One of the accidents I dealt with – where someone hit a moose – was a teacher on her way to the school. It was still wintertime and it was dark out and she was in a little four-door sedan car and ended up hitting this moose that had run out into the road in front of her. The moose just came up and hit the car, smashed in the hood and after it hit the hood it rolled up and smashed the window and started to cave in the roof a little bit, so it was certainly a scary moment for that driver. Kind of like, ‘Oh my God! Here’s a moose! And now it’s crushing my car!’ That driver escaped any injury but it sure did a number on her car.
A lot of time with the moose, we’ll have to shoot them and put them down. But we’ll call a charity to come salvage the moose meat and the moose meat will get dispersed to different people that the charity feels are in need of moose meat. It’s quite a thing up here – we have our dispatch centres that usually have a list of who the on-call charity is for the night, in case we end up dealing with a moose accident. So we’ll call them up and say, ‘Hey, we have a moose accident. We’ve got a moose here on Mile 90 of the Sterling Highway, come meet us and pick up the moose.’ Andthey’ll have a couple of people come out and do their thing, pick up the moose and take it back to where they have a place set up. Then they’ll butcher the moose and take care of it.
I’ve shot moose a couple of times. Sometimes the moose are pretty badly injured when they get hit by a vehicle - but they’re still alive. So we would dispatch the moose, call the charity and have them come pick it up. The troopers, they issue us a shotgun, so they give us a large enough weapon to dispatch a moose.

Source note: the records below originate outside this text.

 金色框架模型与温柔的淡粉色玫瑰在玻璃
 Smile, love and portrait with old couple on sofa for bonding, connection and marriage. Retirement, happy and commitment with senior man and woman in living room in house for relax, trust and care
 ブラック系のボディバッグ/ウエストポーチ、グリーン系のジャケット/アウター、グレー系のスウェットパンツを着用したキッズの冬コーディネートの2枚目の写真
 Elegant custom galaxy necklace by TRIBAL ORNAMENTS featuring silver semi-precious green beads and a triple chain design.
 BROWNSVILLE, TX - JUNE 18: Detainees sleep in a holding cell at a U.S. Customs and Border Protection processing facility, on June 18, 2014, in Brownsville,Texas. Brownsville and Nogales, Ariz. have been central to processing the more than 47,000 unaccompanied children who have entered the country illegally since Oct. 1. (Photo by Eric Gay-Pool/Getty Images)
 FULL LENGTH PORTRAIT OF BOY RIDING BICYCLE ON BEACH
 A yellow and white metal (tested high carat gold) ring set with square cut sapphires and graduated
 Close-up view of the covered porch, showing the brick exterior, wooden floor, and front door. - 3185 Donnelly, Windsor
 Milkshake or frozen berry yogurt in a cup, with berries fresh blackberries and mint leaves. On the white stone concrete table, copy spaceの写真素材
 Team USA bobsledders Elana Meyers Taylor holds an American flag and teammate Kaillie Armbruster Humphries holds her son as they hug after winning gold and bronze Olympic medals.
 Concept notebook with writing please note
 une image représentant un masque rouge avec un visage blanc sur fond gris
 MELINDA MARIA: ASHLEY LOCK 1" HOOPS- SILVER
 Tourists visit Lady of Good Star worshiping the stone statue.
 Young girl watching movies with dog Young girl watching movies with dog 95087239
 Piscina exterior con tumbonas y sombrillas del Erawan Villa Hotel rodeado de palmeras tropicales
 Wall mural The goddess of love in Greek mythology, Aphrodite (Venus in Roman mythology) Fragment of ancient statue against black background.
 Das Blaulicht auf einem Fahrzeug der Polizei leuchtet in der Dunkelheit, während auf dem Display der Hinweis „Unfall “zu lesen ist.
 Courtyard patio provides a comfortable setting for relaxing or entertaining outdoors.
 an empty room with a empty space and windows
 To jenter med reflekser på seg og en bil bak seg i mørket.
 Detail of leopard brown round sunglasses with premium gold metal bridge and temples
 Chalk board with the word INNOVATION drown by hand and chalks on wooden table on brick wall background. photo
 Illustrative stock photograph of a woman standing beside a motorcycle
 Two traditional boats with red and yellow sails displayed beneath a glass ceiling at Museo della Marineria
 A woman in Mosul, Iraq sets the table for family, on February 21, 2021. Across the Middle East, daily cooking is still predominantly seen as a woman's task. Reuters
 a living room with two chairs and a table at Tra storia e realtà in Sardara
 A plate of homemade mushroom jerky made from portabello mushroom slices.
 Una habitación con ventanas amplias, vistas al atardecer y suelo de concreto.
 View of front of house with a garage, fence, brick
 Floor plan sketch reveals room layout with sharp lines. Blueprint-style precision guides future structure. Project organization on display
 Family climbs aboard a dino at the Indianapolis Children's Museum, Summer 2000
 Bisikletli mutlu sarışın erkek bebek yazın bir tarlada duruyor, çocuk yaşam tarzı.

It’s interesting because I’m not really a big hunter; my idea of getting meat is going to the store. I get my meat there. So it was quite a different experience for me when I started dealing with these accidents involving moose and I had to shoot the moose. I’d look at that poor injured moose and I’d have to kill it so it’s not suffering. But it was a different experience for me not being a hunter or having killed an animal before.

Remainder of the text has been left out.